### Source records
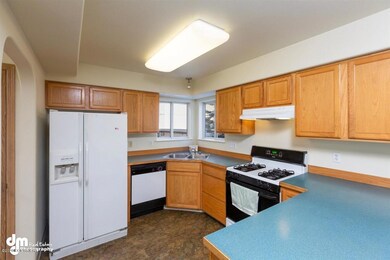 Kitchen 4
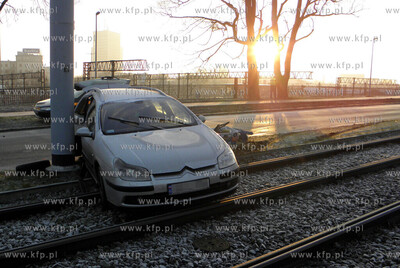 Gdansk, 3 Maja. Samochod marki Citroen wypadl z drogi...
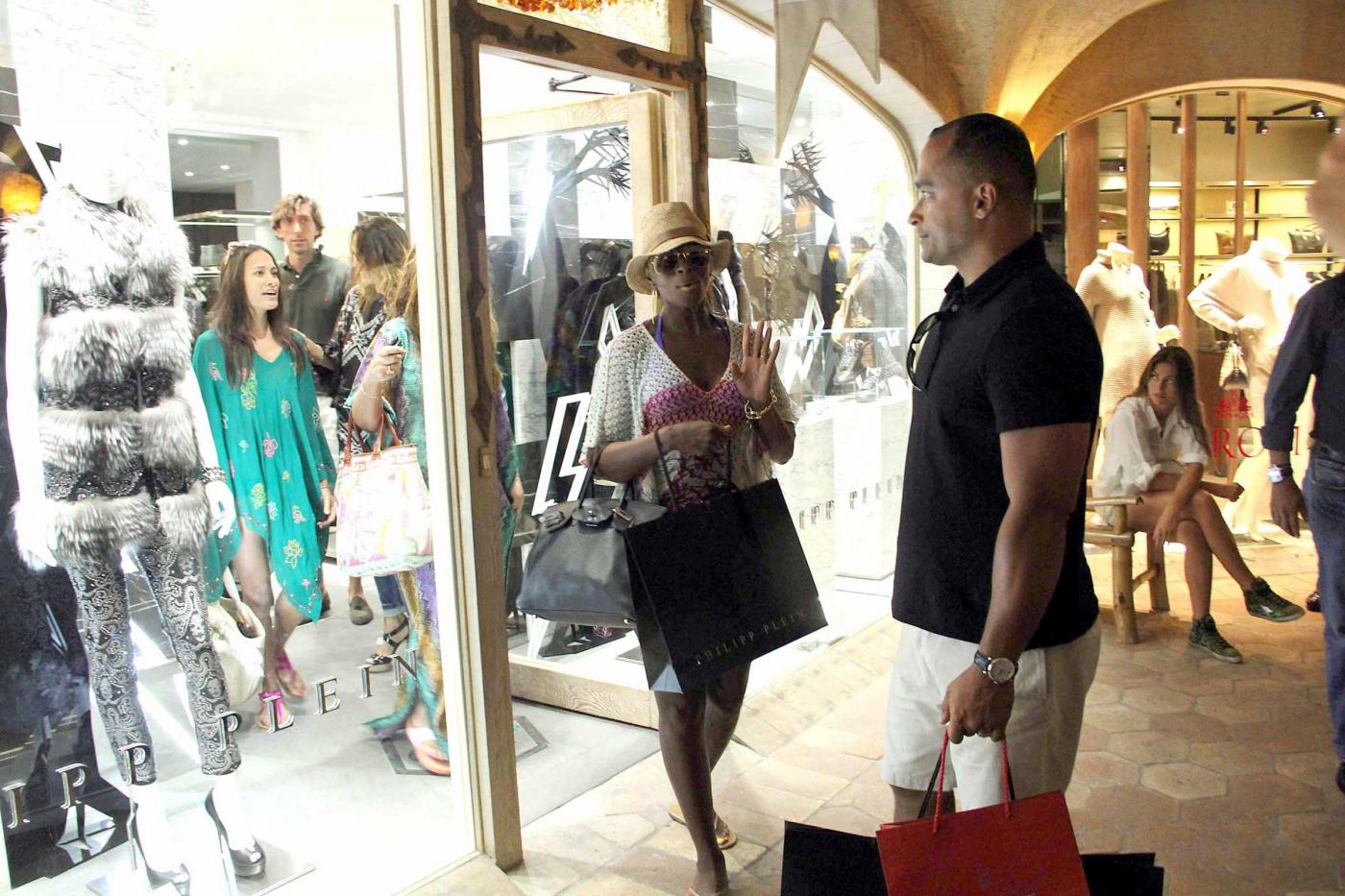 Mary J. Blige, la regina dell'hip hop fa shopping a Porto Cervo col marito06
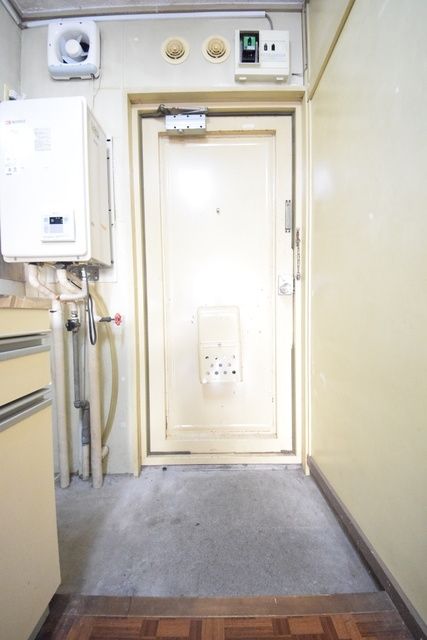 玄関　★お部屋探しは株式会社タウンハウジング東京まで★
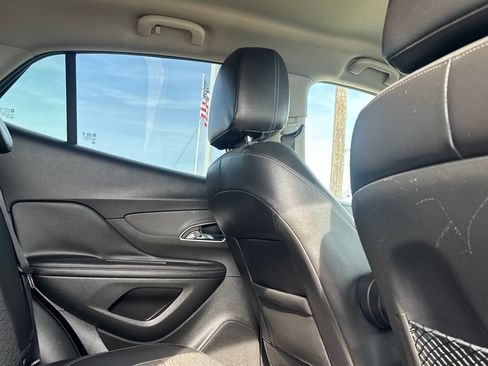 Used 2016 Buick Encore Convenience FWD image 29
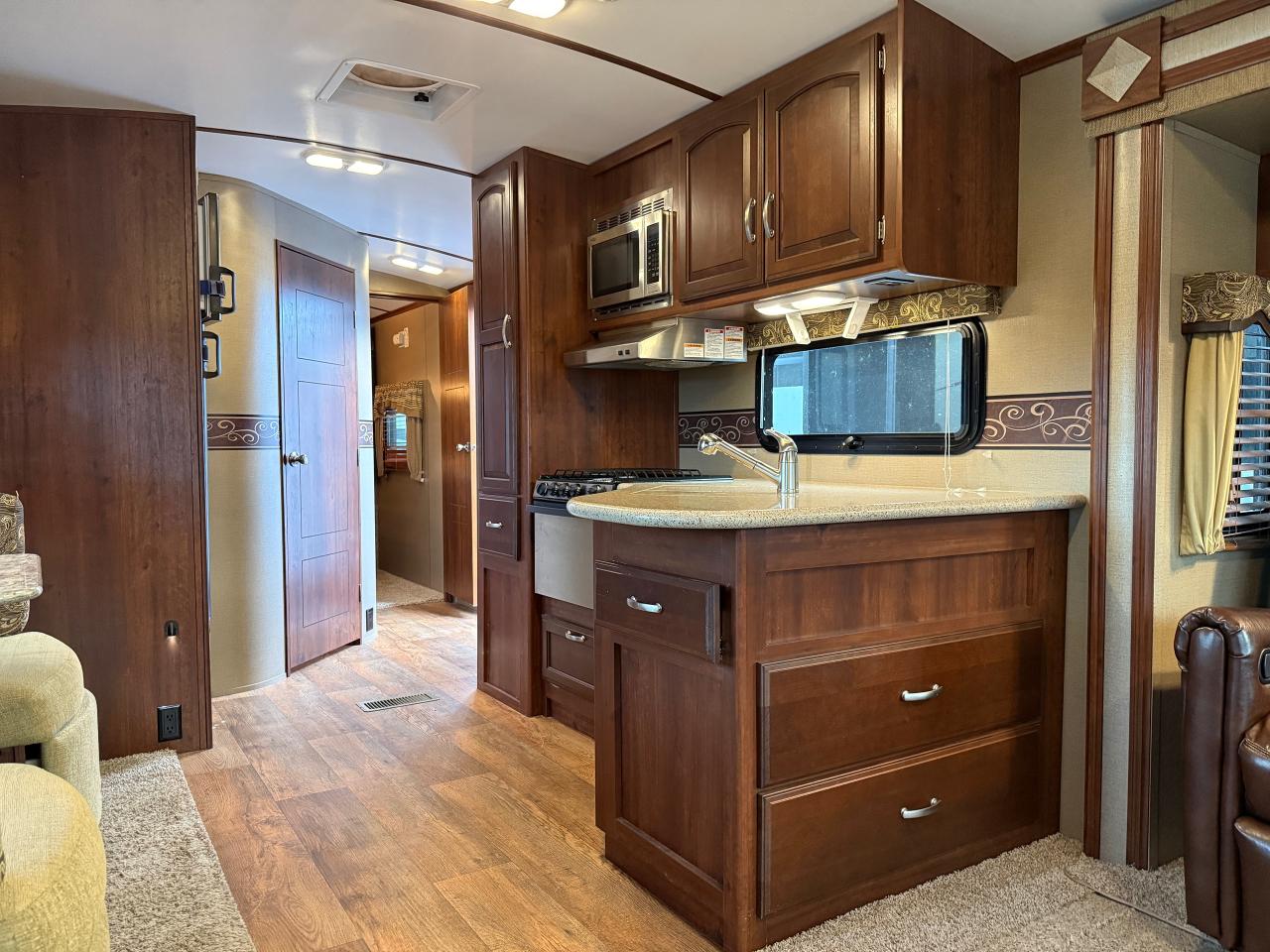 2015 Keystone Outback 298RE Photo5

### WORK TO COMPLETE
Write the records out again exactly; none of the pictures belong in the copy.

### TASK RESULT
 Kitchen 4
 Gdansk, 3 Maja. Samochod marki Citroen wypadl z drogi...
 Mary J. Blige, la regina dell'hip hop fa shopping a Porto Cervo col marito06
 玄関　★お部屋探しは株式会社タウンハウジング東京まで★
 Used 2016 Buick Encore Convenience FWD image 29
 2015 Keystone Outback 298RE Photo5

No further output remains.